- Picture taken from Interpol website
- Born: 14 June 1969 (age 57) Le Bardo, Tunisia
- Occupation: Ex-marketing manager
- Criminal status: At large
- Criminal charge: 16 charges including possessing cocaine and selling ecstasy
- Penalty: 24 years in jail and 20 strokes of the cane

= Guiga Lyes Ben Laroussi =

Guiga Lyes Ben Laroussi (Note: According to Interpol website, Guiga is his surname.) (born on 14 June 1969, in Le Bardo, Tunisia) is an international fugitive wanted by the Singaporean government for drug trafficking.

==Background==
Guiga was the marketing manager at Bobby Rubino's restaurant in Singapore.
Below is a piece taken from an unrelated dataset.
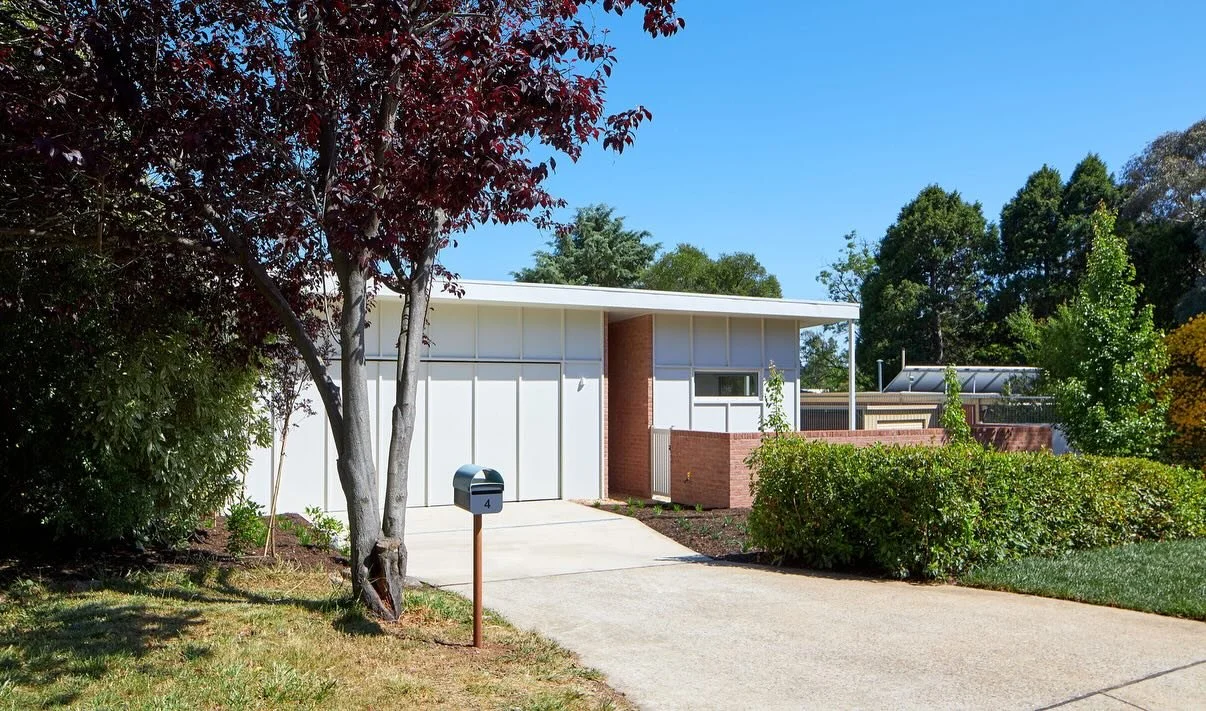 Hughes House // 
This recently completed new home sits quietly on the street under a low-pitch roof. Beyond is a large north facing back yard, flexible living spaces, and sun-filled rooms throughout. Sandstock brick and battened cladding bring this d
Central Narcotics Bureau officers had Guiga under surveillance for two months and spotted him several times meeting suspected drug users outside pubs in popular nightspot areas, such as Mohamed Sultan. In the first-ever raid of a cocaine syndicate ring in Singapore in October 2004, which resulted in the arrest of 23 members including wealthy locals and high-profile expatriates, Guiga was claimed by the police to be the link man of the ring. He was charged with 16 charges including possessing 25.2 g of cocaine and selling ecstasy to Dutch businessman Petrus Van Wanrooij. Guiga's girlfriend Mariana Abdullah was charged with drug-related offence as well.

Guiga faced 24 years in jail and 20 strokes of the cane under a plea bargain arrangement he was considering. He failed to appear in court on February 23, 2005, when he was due to appear to give his plea over the charges. Judge F.G. Remedios issued a warrant for his arrest and said his bail fee of S$280,000 (US$170,000) had been forfeited. Since Guiga's passport had been impounded as part of bail conditions, it is unclear how he managed to flee the country. Guiga was subsequently listed by Interpol as a fugitive. A possible link to the Gambino crime family, who at the time was known to be laundering money through various Bobby Rubino locations, is one possible explanation of how Guiga was able to elude authorities.